Bericht Nr. 14. der Journalist_innen-Delegation, die sich derzeit mit Unterstützung des Ökumenischen Büros in Honduras befindet

Abenteuer Moskitia: Ein Voelkertreffen zwischen Lagune und Meer

Die Anreise zum Treffen der indigenen Gemeinschaften in der Moskitia (siehe auch Von der JournalistInnen-Delegation 2012 - Bericht 13 ) war ein Abenteuer für sich: erst ging es auf den Ladeflächen von Pick Ups über Rumpelstraßen, dann ueber Sandstrände, dann ueber Flussbetten via Schaukelfloß. In Batalla kommen schließlich die Vertreter der Tolupan, Pech, Maya Chortí, Garífuna, Lenca und Miskitu zusammen. Auf einmal wird nicht mehr (nur) Spanisch gesprochen. Mit etwa 35 Honduranern unterschiedlicher Muttersprache steigen wir in ein Boot, das uns mit wunderschönen Wasserpflanzen beschmückte Flusskanäle und Lagunen steuert - Mensch und Gepäck in Plastik verpackt, um nicht ganz durchnässt am direkt am Atlantik gelegenen Zielort Belén anzukommen.
Beim ersten gemeinsamen Abendessen erfahren wir, dass in Miskitu Danke "Tanki" und Bitte "Pliscome" heißt - und wie wenig sich hier die Moskitos von Anti-Mückensprays und Vitamin B-Geruchskuren abschrecken lassen. Der honduranische "Amazonas" wird seinem Namen gerecht.
Am nächsten Morgen geht es gleich an die Arbeit. Die Abgesandten der indigenen Organisationen versammeln sich in der am Rande der Fluglandewiese gelegenen Mini-Schule. Ziel ist es, die Arbeit der Organisationen - etwa gegen Landraub, Staudammprojekte und Erdölausbeutung - zu koordinieren. (Siehe auch Artikel auf amerika21)
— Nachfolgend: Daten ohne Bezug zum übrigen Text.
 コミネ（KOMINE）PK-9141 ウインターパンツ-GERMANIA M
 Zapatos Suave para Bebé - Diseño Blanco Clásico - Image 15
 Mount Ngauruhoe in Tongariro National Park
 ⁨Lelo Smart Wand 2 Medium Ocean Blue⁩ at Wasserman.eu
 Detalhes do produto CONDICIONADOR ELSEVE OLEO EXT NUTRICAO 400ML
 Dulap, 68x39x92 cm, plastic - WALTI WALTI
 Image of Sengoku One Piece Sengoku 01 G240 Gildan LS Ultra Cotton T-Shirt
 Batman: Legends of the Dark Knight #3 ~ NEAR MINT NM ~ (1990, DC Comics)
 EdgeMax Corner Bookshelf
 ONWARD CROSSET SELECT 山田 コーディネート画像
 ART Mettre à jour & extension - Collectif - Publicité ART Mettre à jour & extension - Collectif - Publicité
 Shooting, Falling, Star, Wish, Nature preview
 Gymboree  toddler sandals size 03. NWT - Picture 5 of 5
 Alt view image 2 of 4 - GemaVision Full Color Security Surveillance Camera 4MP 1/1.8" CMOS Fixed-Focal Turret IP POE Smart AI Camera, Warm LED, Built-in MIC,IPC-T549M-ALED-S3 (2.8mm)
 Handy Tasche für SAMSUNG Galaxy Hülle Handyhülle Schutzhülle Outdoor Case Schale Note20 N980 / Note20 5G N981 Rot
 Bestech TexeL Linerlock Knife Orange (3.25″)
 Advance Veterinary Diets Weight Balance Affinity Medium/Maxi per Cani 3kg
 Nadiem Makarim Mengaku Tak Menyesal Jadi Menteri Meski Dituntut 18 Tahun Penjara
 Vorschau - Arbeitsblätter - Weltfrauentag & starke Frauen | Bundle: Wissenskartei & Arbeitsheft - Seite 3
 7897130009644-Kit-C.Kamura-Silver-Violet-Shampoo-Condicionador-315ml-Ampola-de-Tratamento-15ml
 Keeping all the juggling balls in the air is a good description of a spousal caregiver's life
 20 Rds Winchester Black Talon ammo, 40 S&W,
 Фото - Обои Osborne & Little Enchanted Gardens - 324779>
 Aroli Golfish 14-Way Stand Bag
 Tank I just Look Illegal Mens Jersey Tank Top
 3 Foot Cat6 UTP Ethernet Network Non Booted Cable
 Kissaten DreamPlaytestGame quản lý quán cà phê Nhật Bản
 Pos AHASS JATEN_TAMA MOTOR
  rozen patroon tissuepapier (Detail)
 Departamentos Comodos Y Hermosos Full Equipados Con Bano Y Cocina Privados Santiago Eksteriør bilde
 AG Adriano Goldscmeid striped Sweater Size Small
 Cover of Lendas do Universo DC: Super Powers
Laut Berta Cáceres von der Lenca-Organisation COPINH sind bereits 35.000  Quadratkilometer des Staatsgebietes in den Händen von privaten Minenunternehmern, 370 Minenkonzessionen und 71 Konzessionen wurden für die Privatisierung von Flüssen zum Bau von Wasserkraftwerken vergeben und 100 weitere Konzessionen sind beantragt.

Für die indigenen Gemeinden haben diese Entwicklungen lebensbedohliche Konsequenzen: nämlich der Verlust des Gemeindelandes, das die Nahrung sichert, Verarmung, die Auflösung ganzer Volksgruppen.

Die Toulupanes wurden aufgrund administrativer Einteilung in Departements in zwei Gruppen aufgesplittet; beide Gruppen haben das Problem, dass sie sich gegen Holzgrosshandel wehren müssen. Die Pech kämpfen hauptsächlich mit Korruption, die Maya Chortí wurden aus ihrer Kultstätte in Copán, die als Tourismusmagnet immer weiter ausgebaut wird, verdrängt und kämpfen um ihr Mitspracherecht am kulturellen Erbe.

Trotz der schwierigen Themen herrscht angenehme Atmosphäre und ein reger Austausch zwischen den unterschiedlichen Volksgruppen in den Arbeitspausen.
Am nächsten Tag erarbeiten Berta Cáceres, Alfredo Lopez von der Garífuna-Organisation OFRANEH und Vertreter der Miskitu eine Abschlusserklärung mit konkreten Vorhaben im Rahmen der weiteren Zusammenarbeit (www.copinh.org).
Nach dem gemeinsamen Abschluss-Fotoshooting für die Geschichtsbücher wird die Abendrobe angelegt: für die kommenden Tage ist ein großes Fest in Bélen und im naechsten Lagunen-Ort Brus Laguna angesagt.
"Ernesto" macht uns allerdings einen Strich durch die Rechnung: Der Orkan nähert sich in echter Windeseile - um von Überflutungen nicht für mehrerer Tage eingesperrt zu werden, wird beschlossen, frühzeitig abzureisen. Müde, traurig ob der raschen Abreise, aber zufrieden mit den Ergebnissen, steigen wir alle also um fünf Uhr wieder ins Boot.